China has ended a decades-old tax exemption on contraceptives, including condoms and birth control pills, as part of its broader effort to reverse a sustained decline in population growth.
Beginning January 1, contraceptives are now subject to a 13 percent value-added tax, while services related to childcare, marriage, and elder care are exempt.
Why It Matters
The policy shift comes amid growing concern in Beijing over a shrinking population and the economic implications of an aging society. Official figures show that only 9.54 million babies were born in China in 2024, approximately half the number from a decade earlier. The country has now recorded three consecutive years of population decline.
As deaths have outpaced births in China, India overtook it as the world’s most populous country in 2023.
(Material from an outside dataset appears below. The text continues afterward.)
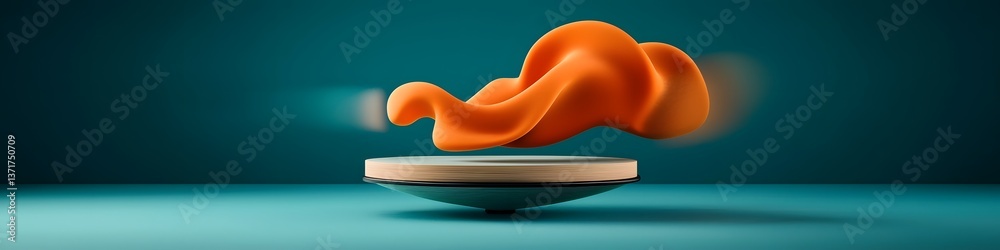 Poster an abstract three dimensional sculpture appears to float and vibrate creating a visually striking an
Countries like the United States also face declining birth rates, but the drop has been less severe than in China. By the end of 2024, the U.S. fertility rate had fallen to a historic low of approximately 1.599 births per woman, significantly below the replacement level of 2.1, according to the latest CDC data released in mid-2025.
What To Know
The removal of the tax exemption, which had been in place since 1994 during the one-child policy era, is the latest in a series of measures introduced by the Chinese government to encourage childbearing. The government raised the birth limit to two children in 2015. As China’s population began to peak and then fall, it was limited to three children in 2021. Contraception has been actively encouraged and easily accessible, even for free.
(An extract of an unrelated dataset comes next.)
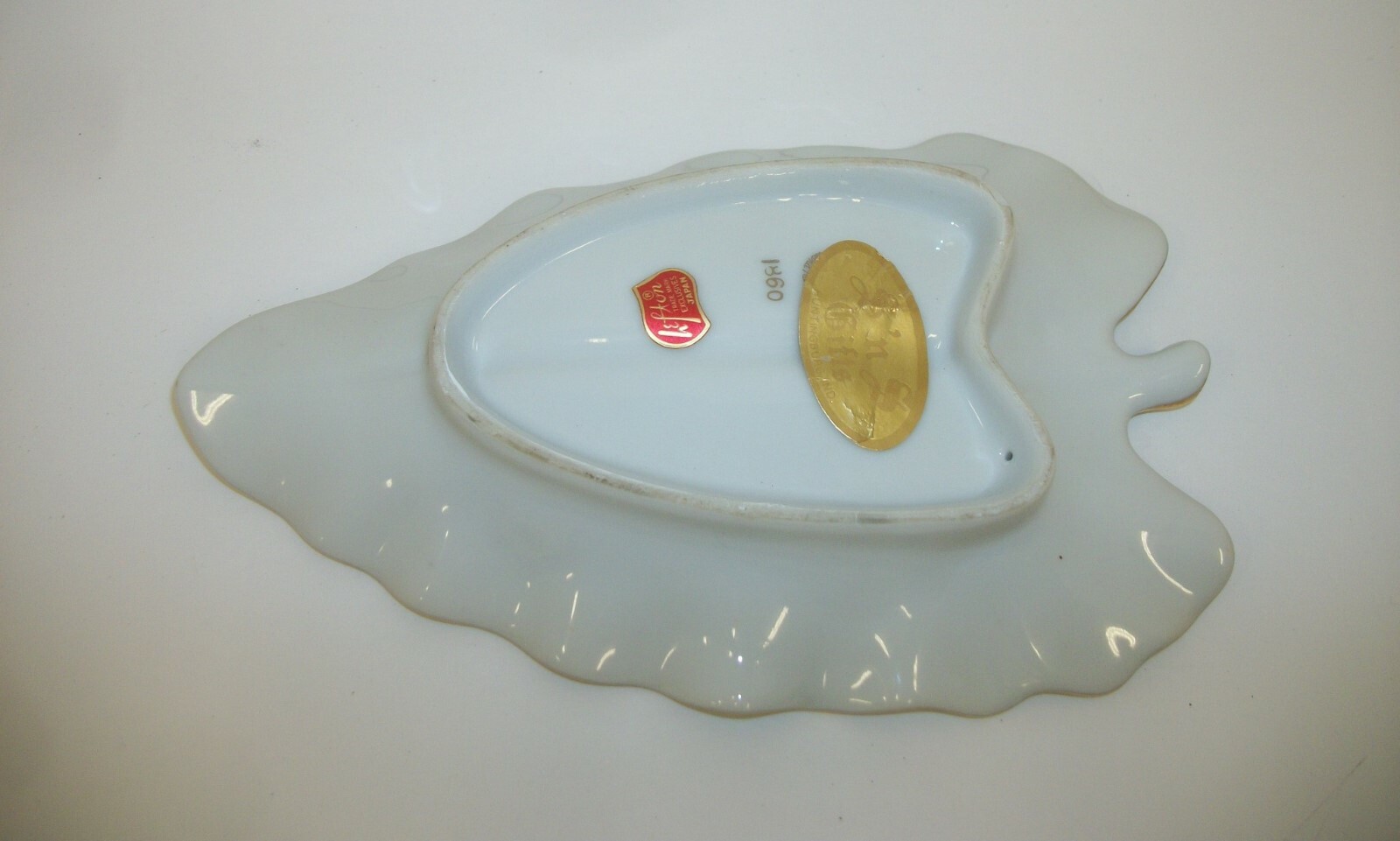 Lefton Heritage Rose 1860 Hand Painted Leaf Dish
Other initiatives have included easing restrictions for marriage, extended parental leave, cash incentives for new parents, and subsidies for childcare.
But while the new tax on contraceptives is intended to incentivize higher birth rates, it has sparked both criticism and ridicule online. Social media users have questioned the effectiveness of the measure, pointing to the high cost of raising children as the real deterrent to starting families.
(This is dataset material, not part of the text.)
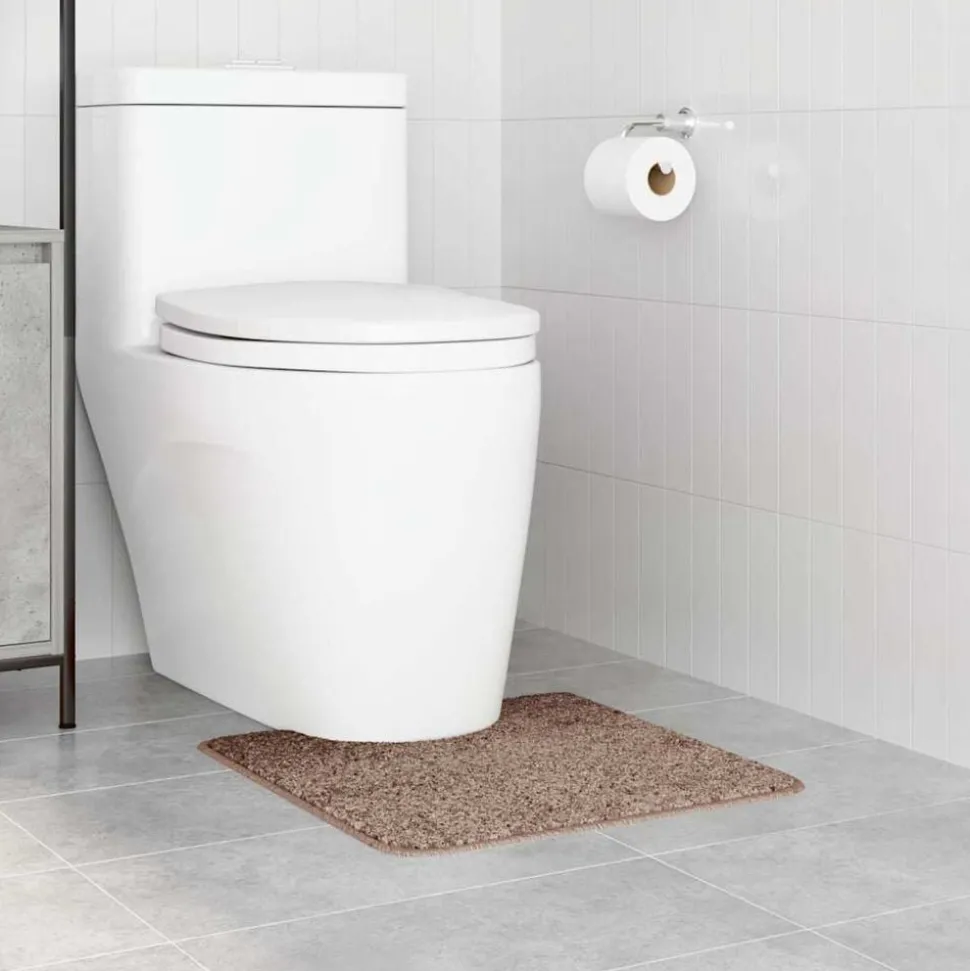 vidaXL Antislip Badmat met Toilet Cut Bruin 50 x 50 cm PP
“That’s a really ruthless move,” Hu Lingling, the mother of a 5-year-old, told The Associated Press, adding that she is determined not to have another child. She said she would “lead the way in abstinence” as an act of rebellion.
“It is also hilarious, especially compared to forced abortions during the family planning era,” she said.
Experts also expressed skepticism about the policy’s effectiveness. “The idea that a tax hike on condoms will impact birth rates is overthinking it,” said Yi Fuxian, a demographer at the University of Wisconsin-Madison, in an interview with the BBC. He added that the move may be more about generating tax revenue than influencing family planning decisions.
China is one of the world’s most expensive countries in which to raise a child, according to a 2024 report by the Beijing-based YuWa Population Research Institute. The study said high school fees and an intensely competitive education system, combined with the difficulty women face balancing work and parenting, are major cost drivers.
Some researchers have suggested that directing more resources toward easing housing and other economic barriers could help slow the impact of China’s aging population, even if fertility rates do not return to replacement levels, according to the authors of a recent report by the RAND Corporation, a U.S.-based nonprofit, nonpartisan policy research organization.
What People Are Saying
Researchers at the RAND Corporation wrote in their report: “China’s fertility decline reflects unmet fertility intentions, not a lack of desire to have children. Pronatalist policy misses the mark by targeting norms and administrative reforms rather than enabling those intentions by addressing social or economic constraints.”
Yi Fuxian, a senior scientist at the University of Wisconsin-Madison, told The Associated Press: “They used to control the population, but now they are encouraging people to have more babies; it is a return to normal methods to make these products ordinary commodities.”
What Happens Next
Despite the policy’s intentions, many young Chinese remain reluctant to start families due to broader economic and social pressures.